The FOMC gathered before the Labor Department’s jobs report for the month of June -- released on July 5 -- exceeded expectations. The economy added 195,000 jobs last month and the unemployment rate was unchanged at 7.6 percent.

Bernanke said the central bank is trying to communicate its plans for two different policy tools. With bond purchases, the Fed is “trying to achieve a substantial improvement in the outlook for the labor market in the context of price stability. We’ve made progress on that but we still have further to go,” he said.

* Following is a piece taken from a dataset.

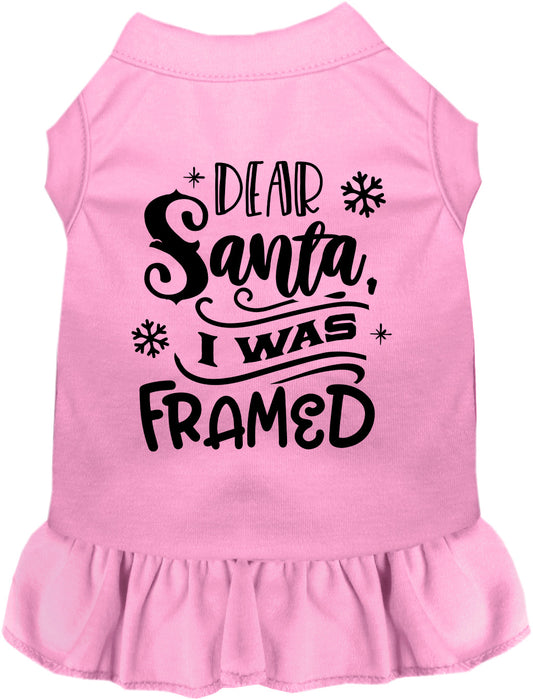 Pink pet dress with 'Dear Santa, I was Framed' design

The Fed wields another policy tool with its benchmark interest rate, which it reduced to close to zero in December 2008. Officials have said they won’t consider raising the main interest rate until the unemployment rate falls to 6.5 percent, as long as long-term inflation expectations don’t exceed 2.5 percent.

Bernanke’s Message

“It may well be sometime after we hit 6.5 percent before rates reach any significant level,” Bernanke said. “So again, the overall message is accommodation. There is some prospective, gradual and possible change in the mix of instruments, but that shouldn’t be confused with the overall thrust of policy which is highly accommodative.”

The 59-year-old Fed chief said the FOMC may opt to hold interest rates near zero even after unemployment reaches 6.5 percent due to the possibility of low inflation. Also, the jobless rate may understate the weakness in the labor market, he said.

“What I hear him saying is that even when we slow purchases, the balance sheet still gets bigger and even if we stop the purchases the balance sheet doesn’t shrink,” said Michael Gapen, a senior U.S. economist at Barclays Plc in New York, and a former member of the Fed’s Division of Monetary Affairs. “They are trying to communicate that tapering is not a tightening of policy. That is the fine line they are walking.”

First Increase

Any decision by the Fed on the bond purchases influences how investors view its approach to the federal funds rate, Gapen said. For example, if the Fed’s outlook toward employment improves, then investors will probably shift how they view policy makers’ approach to the main interest rate.

Some 15 policy makers in June expected the first increase in the benchmark lending rate in 2015 or later. Still, fed funds futures contracts show about a 54 percent probability that the benchmark lending rate will be 0.5 percent or higher by December 2014, an increase from 22 percent two months ago.